Distillation of alcohol is relatively straightforward. The key is that more volatile alcohol has a lower boiling point than water, meaning it evaporates faster and separates from other components in solution faster than usual – leading to collection and condensation into liquid form with much higher concentrations of alcohol than previously present in original mix. This process forms the basis of all forms of distillation including beer brewing and whiskey distilling.
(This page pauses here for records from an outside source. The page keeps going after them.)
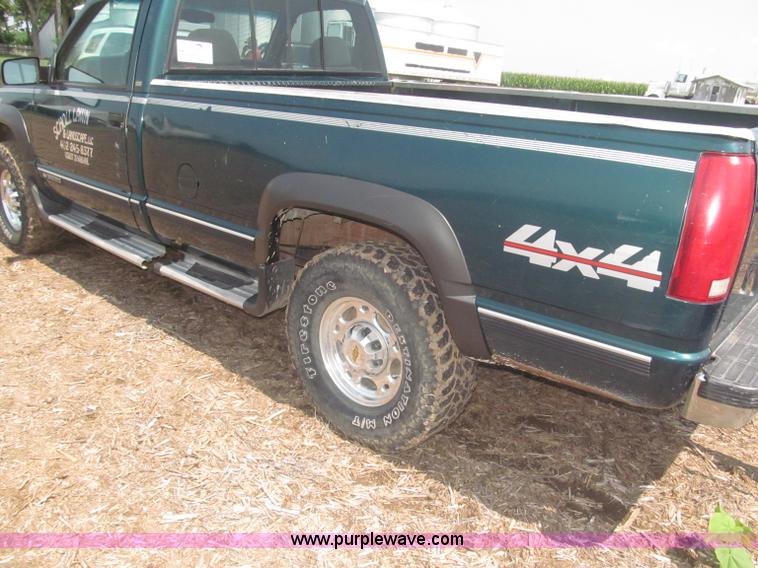 image for item F7078 1998 Chevrolet Silverado 3500 pickup truck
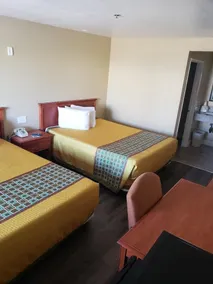 University Inn Fresno - Habitación
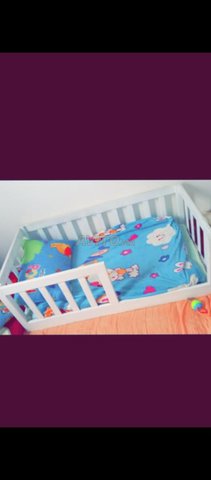 Lit cabane en bois massif pour enfants 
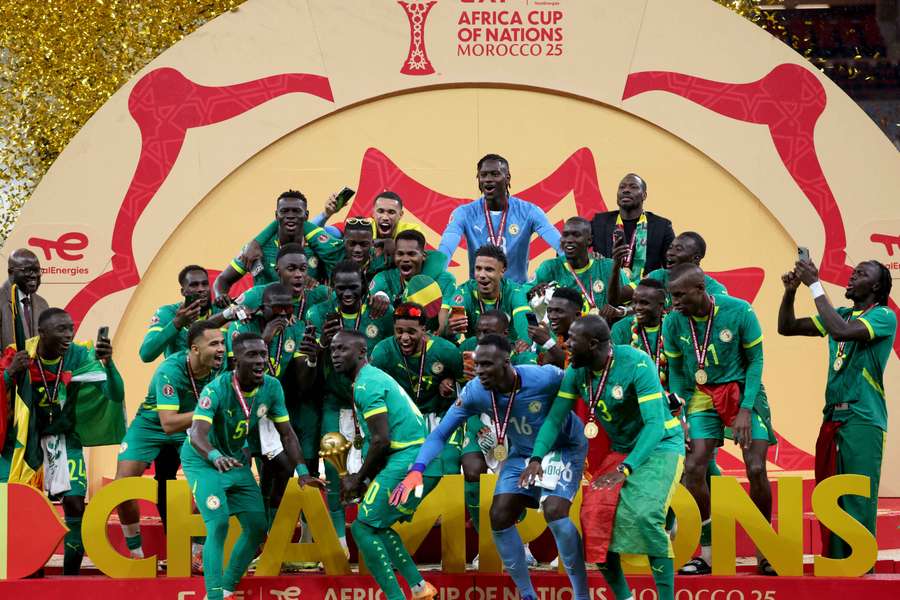 Les Sénégalais célébrant leur sacre.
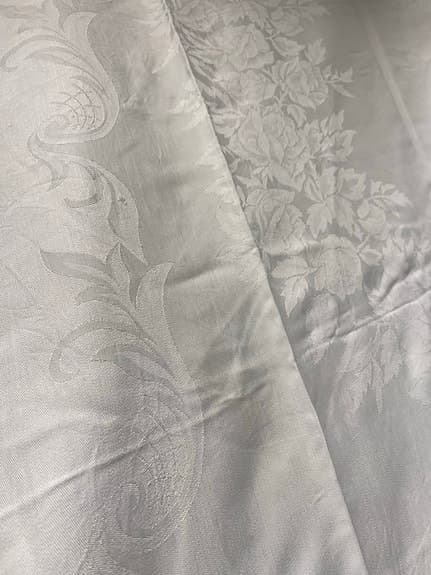 Duk vit nr 708  ca 190x128 cm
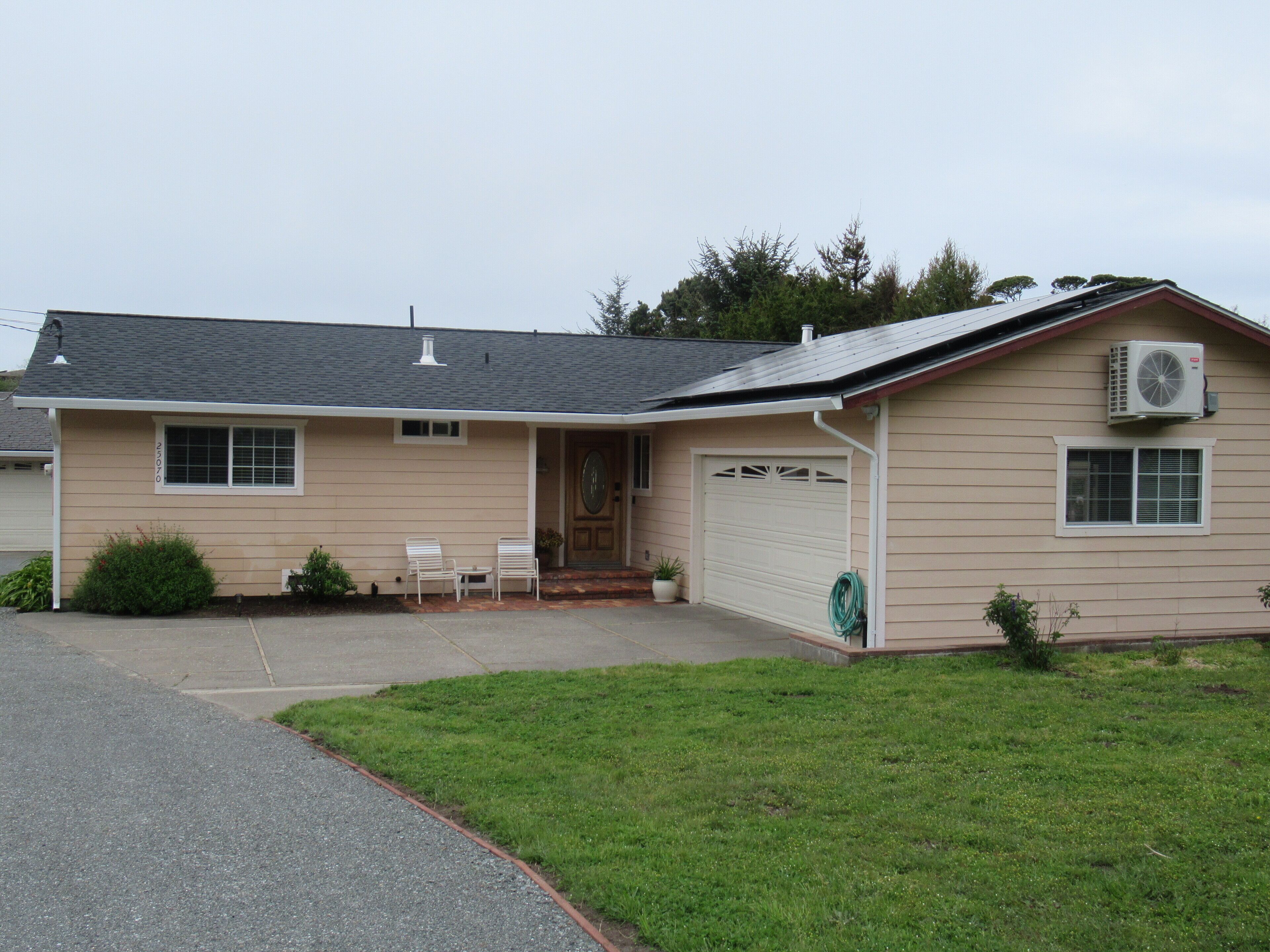 Coastal Country Home in Cleone - walking distance to beach, trails and park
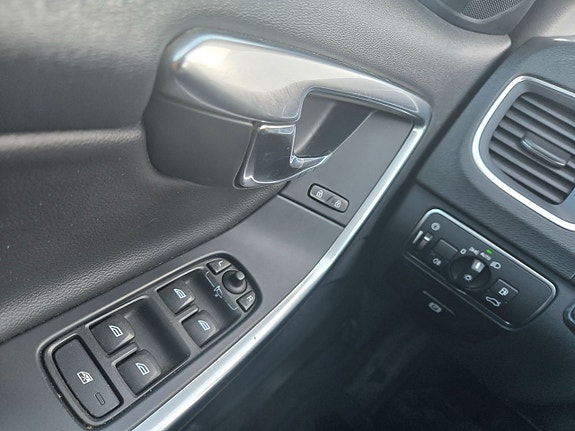 Volvo V60 17 of 18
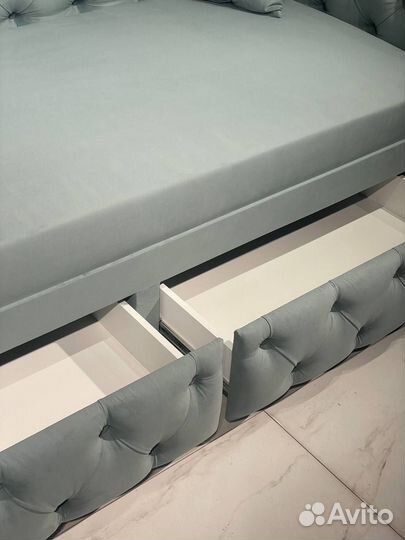 Диван выкатной Ева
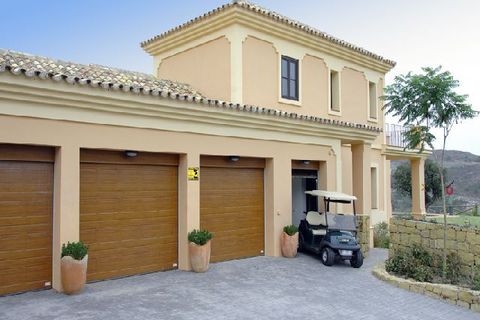 Villa i Benahavis, Malaga, Benahavis - € 1.950.000 | Ref: EF-B4531SR - foto 8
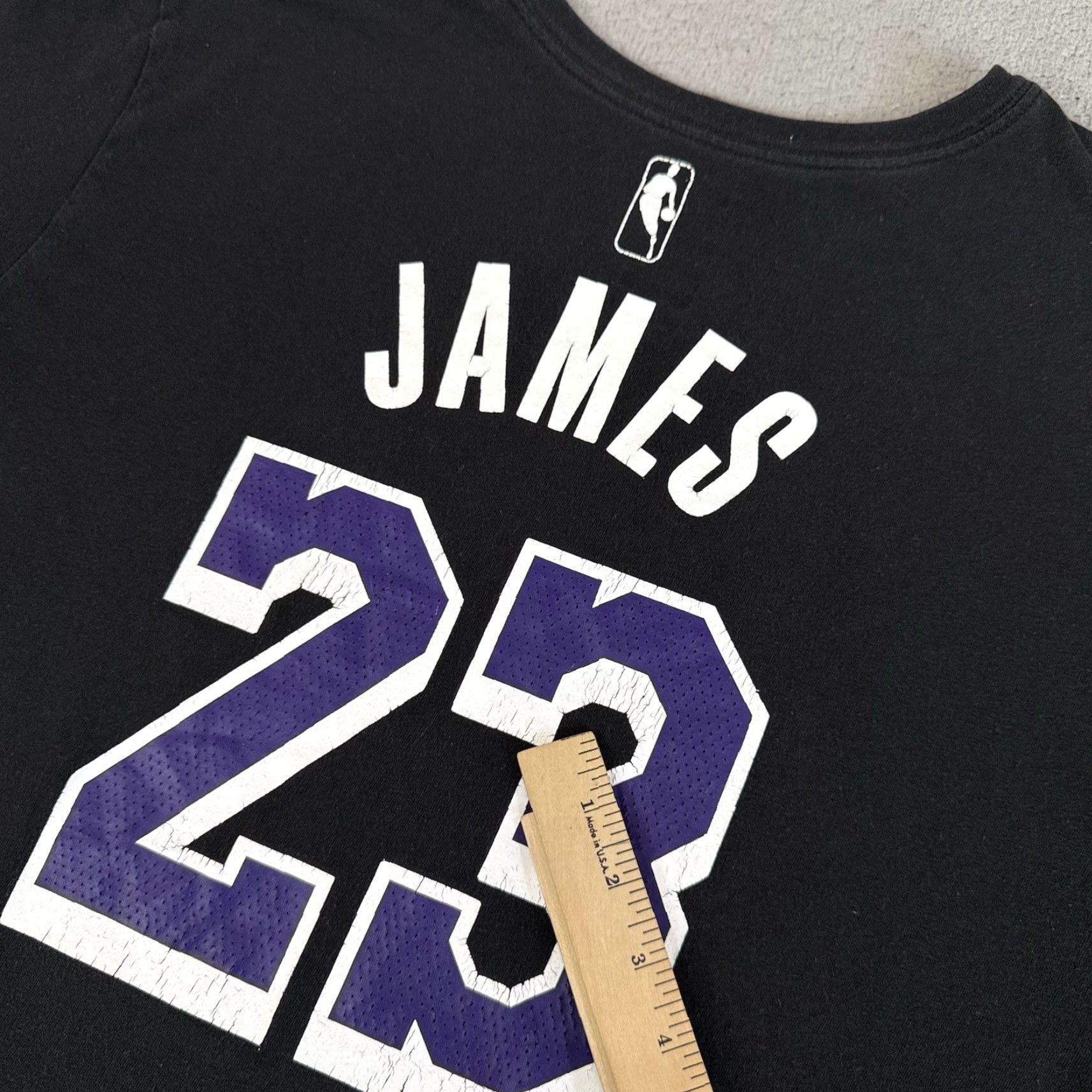 Nike Nike T Shirt Los Angeles Lakers Adult XXL Black Lebron James #23 LBJ Shirt Mens Nike Basketball Graphic Tee 2XL Black Lakers NBA Size US XXL / EU 58 / 5 - 7 Thumbnail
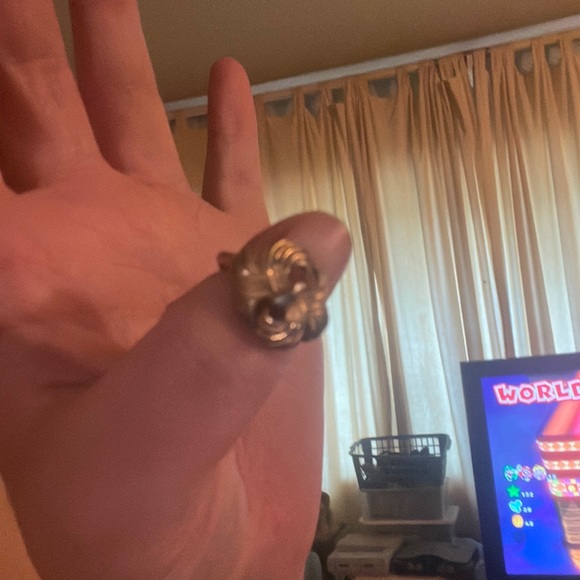 Ring - Picture 1 of 1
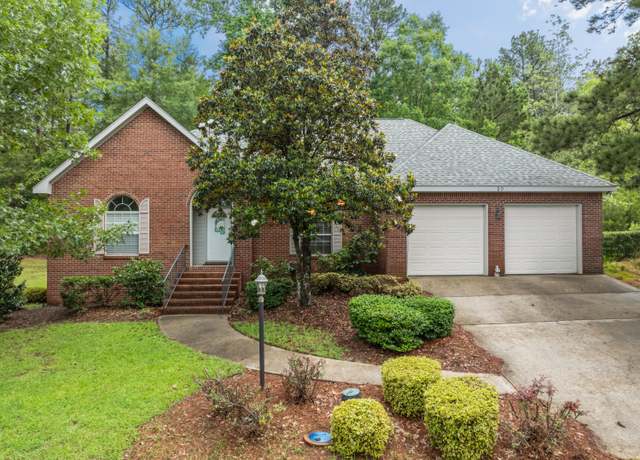 Property at 20 Classic Woods Dr, Hattiesburg, MS 39402, 3 beds, 2.5 baths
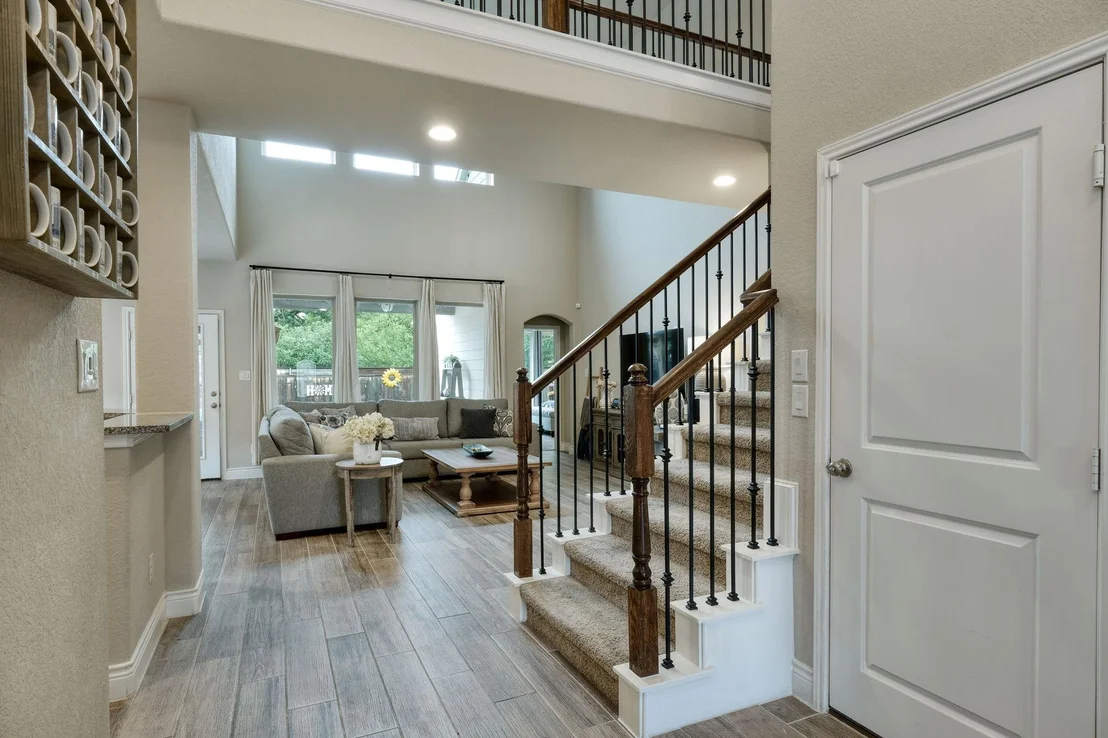 Photo of 550 Cortona LN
Raoult’s law and Dalton’s law both dictate that in an ideal system at constant pressure, Raoult’s and Dalton’s laws dictate that the ratio of liquid-to-vapor composition will remain unchanged – an equilibrium state. Unfortunately, distillation does not work this way in practice: lighter volatile components (like fruity esters) always vaporize before heavier ones, so mixture will never become completely clean.
Distillation alone cannot guarantee ultra-pure products, so additional chemical separation methods must also be utilized. Batch distillation and fractionation are two proven ways of reaching this goal.
Distillation takes place in a still, or pot. Fermented mash is transferred into the still and heated to low temperatures until alcohol begins evaporating from its molecules, then collected and condensed back into liquid form with much higher alcohol concentration than was present initially in its mixture.
Step Two entails repeating this sequence to achieve increasingly pure product. In order to do this, a distiller must constantly monitor the ratio of vapor-to-liquid flow in the column, the reflux-to-product flow rate to control discharge temperature and alcohol vapor concentration, and how much heat is being applied to reboiler.